Monday, August 16, 2004

Disgusting

Via Digby, we have this GQ article about Abu Ghraib, and the man who blew the whistle on it.

Joe Darby, the only man in the whole sordid affair whose actions do America proud, will have to spend the rest of his life like a mob witness. What is even more disturbing is that he is being protected not from the military, but from every high testosterone dipshit in Appalachia.

Something is wrong with the spirit of America, and it's not going to go away because more people watch Benny Hinn on television. The sort of person who can hate a man for standing witness to a moral sewer like Abu Ghraib and refusing to keep his mouth shut is the sort of man who can stand witness to the crimes of fascism and remain silent.

George W. Bush's case for his own presidency in 2000 was that he would restore honor and dignity to the White House. Now, we all know that really means "no more blow jobs." There are a number of problems with this. The first is the conflation of private and public morality. Many great men are not good men, and many great men are greatly flawed. Thomas Jefferson held slaves, and had children with one of them. It is hard to imagine the relationship was exactly consensual. FDR slept around. JFK slept around. Martin Luther King Jr. slept around. This may diminish all of them in some way, but it does not mean they weren't great men, or great leaders. This foolish conflation is a part of the moral infantilizing of our culture. It is accomplished in part by the entertainment business, for sure, but it is also accomplished by organized religion, political movements, and the unhealthy logic embedded in parts of our capitalist economic order. The solution is obviously not to ban or destroy each of these, for that is absurd and would be equally unhealthy. I don't know what the solution is, but part of it is standing up to evil the way Joe Darby did.

The sickness that makes protofascist goons want to murder a moral hero is the sickness that allowed the war in Iraq to be taken on in the way it was taken on. Whether you agree that the Bush administration tried to convince America that Saddam was involved in September 11th, it is clear that his appeals, and perhaps the war itself, tapped into a dark desire among Americans for revenge, revenge for September 11th. There are a million men in this country whose frustrations with life are such that, given the right permission, they would beat a man to death with their own hands. Perhaps more than a million. Which is not to say they are criminals, or psychopaths exactly. Perhaps I'm going a little over the top. The civilians who had the most enthusiasm for the war are not necessarily sick people, but they are the next tier down in terms of bloodthirst.

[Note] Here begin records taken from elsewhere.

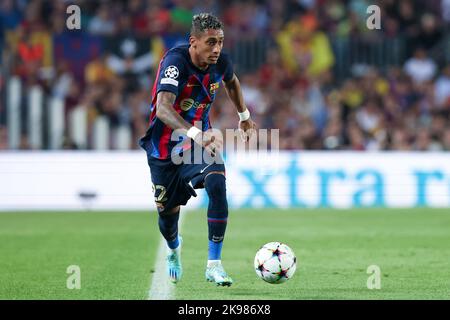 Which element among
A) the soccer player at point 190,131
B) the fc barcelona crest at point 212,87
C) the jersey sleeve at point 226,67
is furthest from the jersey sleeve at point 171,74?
the jersey sleeve at point 226,67

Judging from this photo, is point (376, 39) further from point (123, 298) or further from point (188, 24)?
point (123, 298)

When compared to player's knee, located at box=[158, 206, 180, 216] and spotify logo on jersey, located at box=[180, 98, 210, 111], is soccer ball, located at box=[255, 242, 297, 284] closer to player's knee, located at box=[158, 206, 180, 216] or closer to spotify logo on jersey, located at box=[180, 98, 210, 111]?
player's knee, located at box=[158, 206, 180, 216]

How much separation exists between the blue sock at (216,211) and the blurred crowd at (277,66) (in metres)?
10.6

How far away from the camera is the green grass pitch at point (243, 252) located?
27.7 ft

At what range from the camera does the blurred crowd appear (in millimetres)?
19734

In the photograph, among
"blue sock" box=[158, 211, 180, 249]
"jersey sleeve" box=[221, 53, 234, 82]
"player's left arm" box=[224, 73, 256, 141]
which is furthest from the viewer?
"player's left arm" box=[224, 73, 256, 141]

Most of these men didn't know anybody in the towers, or on the airplanes, or in the Pentagon. For many of these men, or the type of man I'm talking about (and I imagine they are mostly men) September 11th and the Iraq war are an obsession and an abstraction. For these men, and those like them, the war with Iraq didn't have anything to do with Saddam, the flesh-and-blood bastard; it was about Saddam the symbol of all that is evil. Bush sent Americans to war not just by appealing to our fears (using the terrifying image of a mushroom cloud to achieve a political end) but by appealing to our hate, our brutal side. This man who claims to represent a culture of life is the same man whose governorship saw more human beings executed than any other, who presided over a bloody and unnecessary war in Iraq, the man under whose leadership our men committed atrocities in Abu Ghraib.

The conventional wisdom, and I've even seen it echoed today by Matthew Yglesias, is that Conservatives value Character and Liberals value Cleverness. You know, I value both, and I'm a proud liberal. But besides that, this is just more branding, more marketing. The fact is that the people who call themselves conservatives might value character individually, but what the conventional wisdom is saying is that they are uniquely susceptible to a specific type of appeal. They like their foreign policy macho, their morality Manichean, their economic policy social darwinist, and their theology literalist. Our discourse, on all sides, is too degraded and spectacular for character to be real. Bush, for them as for most of us, is not a person, but a Personality. What matters is that a mantra and a storyline exist to wipe away all doubt and complexity. Not all conservatives worship at the altar of Chauncy W. Gardner, but enough do that this election will be closer than it ought to be.

Again, I don't know what the solution to the sickness in this country is, but I think replacing Bush is part of it. Not because I think John Kerry is some kind of magic bullet. He's not. He's a politician, albeit a largely decent and competent one. I trust Kerry to govern as a president, not as a king. I trust him to be accountable to the American people. I trust him to work hard to work hard to solve the real problems facing our government- terrorism, a troubled energy policy, a healthcare system that doesn't work, an economy that favors the powerful to the exclusion of everyone else.

I don't know what the solution is, but I know it involves November 2nd.